While Nelson was the most targeted cornerback in the NFL last season, the Chiefs defenese was the most targted secondary in the NFL. When your offense has Pat Mahomes you are going to be playing against teams forced to pass the football.
Still, that led to a 53% completion rate. To put that into perspective Joe Haden allowed 59% of his passes to be complete and Artie Burns allowed a whopping 79% of his passes to be complete last season.
This brings us to the main point. Whether you know of Steven Nelson, trust in Steven Nelson or are anxious about the signing, he is an upgrade over their starting cornerback at this time last season.
Burns allowed a passer rating of 149 in 2018 compared to 82 of Nelson. Burns did not pick off a single pass while Nelson hauled in four.
Nelson is 26 years old and coming off of his best season, Burns is 24 and coming off of his worst. There is no way around it, Steven Nelson is a direct upgrade at a position of need.
The question from here becomes how big of an upgrade is he? How can someone start for a winning team all season and still nobody knows who he is?
The way to describe Steven Nelson is almost the exact opposite of Artie Burns. Burns is a big, strong athlete. He brings physical ability that Nelson cannot match. However, he is consistently out of place.
Steven Nelson is a sharp cornerback. He is smart and does not fall for double moves. However, by the same token he is not nearly as athletic as Artie Burns. He also does not have the size, strength, reach or speed.
Burns was much more inconsistent down to down, Nelson was stronger but struggled with the big play. While Burns allowed a paltry 15 yards per reception, Nelson was not far behind allowing over 14 yards per catch. Nelson also was victim to seven touchdowns, the same number as Burns and Sensabaugh combined.
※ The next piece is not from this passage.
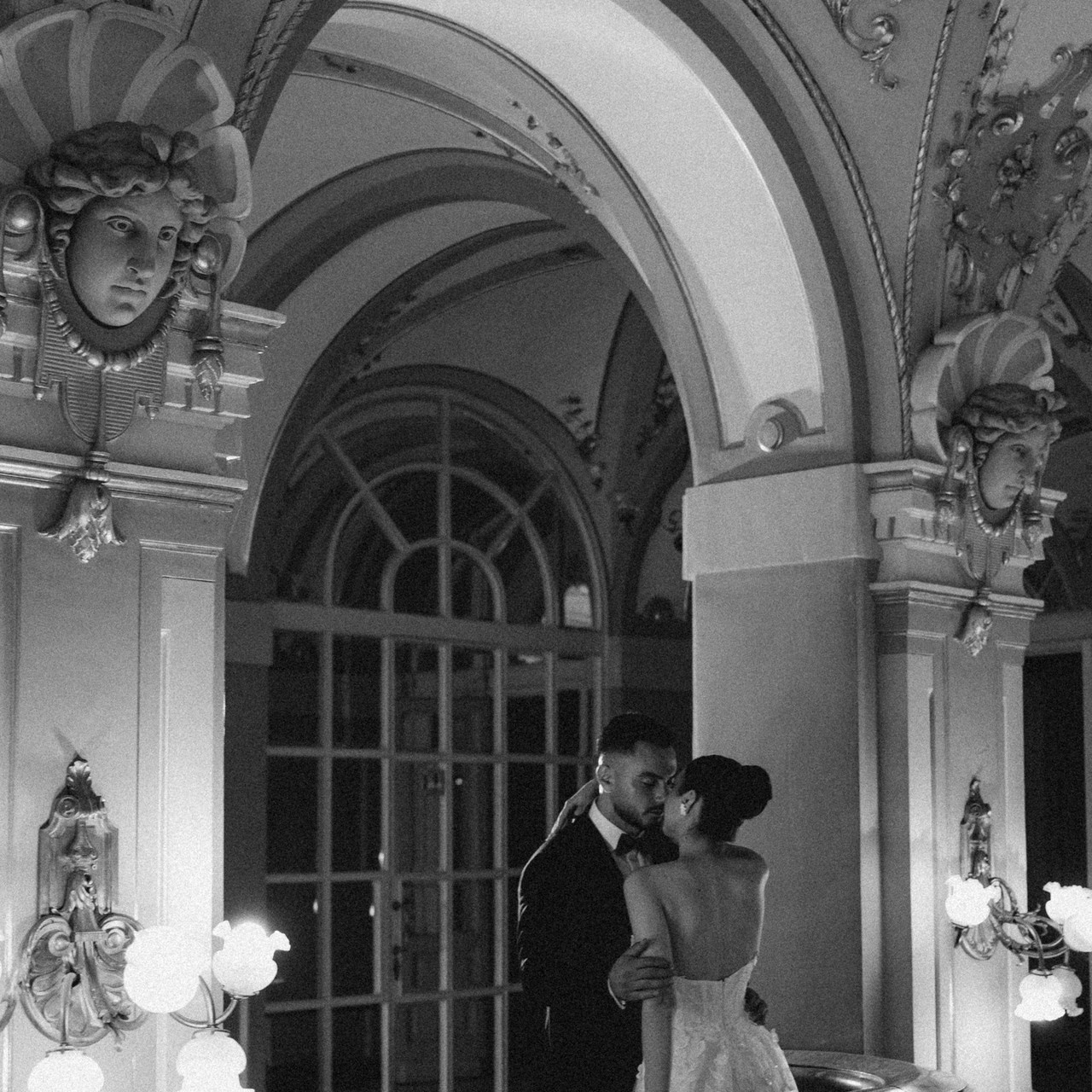 Feedback. Proud Vision Weddings | Wedding Photography & Film — Servicii profesionale Foto Video Nunta Iasi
One of the issues Nelson will have to work on is getting his head turned around. Too often Nelson was in the right spot at the right time and was the loser of a jump ball or a deep ball down the field That is how you have a strong completion rate allowed with a ton of big plays surrendered. His size and athleticism deficiencies showed the most when in jump ball scenarios with bigger athletes. This is just something that he cannot get better at.
However, it is fair to say that he is almost always in the right spot. If he can get his head around a bit quicker he could have broke up a few more of those deep passes and turned his stats into gaudy numbers.
What does this mean?
Still, Nelson playing efficient with lapses down the field is better than Burns who was inconsistent near the line of scrimmage and got burnt deep.
Steven Nelson is going to start for the Steelers in 2019 across from Joe Haden. After his breakout 2018, could he be in line for a step forward? Sure. However, that likely means more consistent play in the intermediate with similar success down the field.
Is Nelson a long term solution? We will see. This does not completely take the team out of drafting a cornerback, and the upside of what Nelson can bring is somewhat limited. When an older player like Haden moves on this will not be a player with the upside to step into his number cornerback role.
Still, it is an immediate upgrade at the position they needed it the most. Whatever the upside, it presents a chance to improve in 2019.